Lenders told to help low, middle-income households as inflation bites

K. Kabilan

Malaysians from the low- and middle-income households are hard-hit with the rising cost of living and the tough economic situation. – The Malaysian Insight pic, May 6, 2024.

MALAYSIANS from the low- and middle-income households are hard-hit with the rising cost of living and the tough economic situation.

With Malaysia’s inflation rate standing at 1.8%, day-to-day survival for these groups becomes increasingly challenging.
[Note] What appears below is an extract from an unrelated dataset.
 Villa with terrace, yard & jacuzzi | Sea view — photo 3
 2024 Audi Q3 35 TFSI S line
For context, the inflation rate was at 1.5% last November.

This situation will affect borrowing behaviour as individuals and businesses may seek more short-term credit to manage escalating costs and cope with unexpected emergency expenses, said Hui Yik Seong, a former director at Barclays Investment Bank.
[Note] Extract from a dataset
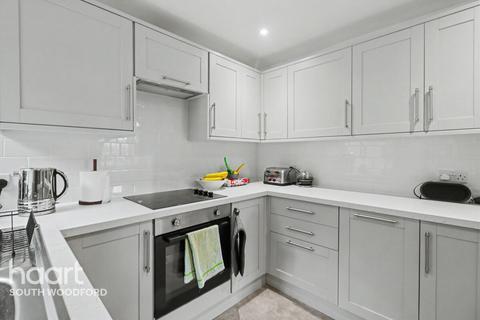 2 bedroom duplex to rent, Cross Road, Woodford Green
He called for lending institutions to adopt strategies to assist those in the low- and middle-income groups, as well as small and medium enterprises (SMEs).

“Some individuals and businesses might experience a decrease in real income due to the inflationary impact on the costs of goods and services essential to their operations.  

“This can, however, lead to decreased creditworthiness as higher living and operational costs may result in lower net disposable income, making it more challenging to meet financial commitments, thereby increasing credit risk,” he told The Malaysian Insight. 

He further noted that as inflation rises, central banks often respond by increasing interest rates to control economic overheating. 

“This adjustment can lead to higher monthly repayments for loans tied to variable interest rates, further straining borrowers’ financial capacity,” said Hui, who has 15 years of capital market, finance and accounting experience.

He said some individuals and SMEs may also see a decreased creditworthiness as higher living and operational costs will result in lower net disposable income.

Hui said that to assist such needy individuals and businesses, lending institutions can revise their credit evaluation frameworks to account for the economic impact of inflation on an applicant’s financial stability. 

“Lenders can also develop products that reflect the current economic reality,” said Hui, who is also the founder of Direct Lending, an online personal loan platform.

He gave an example of his agency, which offers auto service financing, which allows car owners to manage the costs of necessary vehicle repairs and maintenance through affordable monthly installments spread over up to 12 months. 

“This type of product is particularly helpful in times of inflation, as it provides a manageable financial solution without the need for large, immediate outlays of cash,” he said.

He also said that lending institutions must provide options for loan deferment, interest-only payments for a period or restructuring loans to help borrowers.

“Lending institutions can play a role in providing financial assistance during times of economic uncertainty. 

“We must also increase our efforts in financial education and responsible lending practices to ensure that borrowers understand their commitments and are less likely to overextend financially,” he added.

Focus on budgeting

Hui also said that the current economic condition was also seeing individuals and families tightening their budgets by prioritising essential over non-essential expenditures. 

He said they were switching to cheaper alternatives, delaying major purchases or cutting down on luxuries. 

“There’s also an increased focus on budgeting tools and financial planning to better manage limited resources.

“These families often have less financial cushioning and limited access to credit, making it difficult to absorb the increased cost of living. 

“Rising prices mean that their already stretched incomes have to cover more, often forcing them to make tough choices between basic necessities,” he said.

He said lending institutions can play a role in providing financial assistance during times of economic uncertainty. 

“By offering quick, accessible loans with transparent terms, we can help individuals and businesses manage cash flow challenges,” he further said. 

He added that by implementing the right strategies, lending institutions can support their clients through challenging economic times.

“We can help them in maintaining financial stability and fostering long-term customer loyalty.”

Tightening the belt

For 62-year-old M Jagan, income from driving Grab is becoming insufficient to manage his household expenses.

“Weekly marketing is now a major pain as I seem to be spending more every time I go. We have to compromise with these weekly trips, just as we are also reducing the monthly grocery shopping.

“And when we buy, we tend to buy lesser things, or cheaper products,” said the father of five children.

Fortunately for him, his children are all independent and he only has to provide for his wife, who is a homemaker.

“My biggest issue is repair costs for my car. Almost monthly, I have some expenses coming to keep the car roadworthy.

“And then, there is this talk about fuel subsidies being removed. I just hope whatever plan the government has to help the poor, I will be part of it,” he said.

He added that many of his fellow drivers are in the same boat, all struggling to put food on the table for their families.

Some, he said, were also finding it extremely difficult to repay their monthly loans to lending institutions. – May 6, 2024.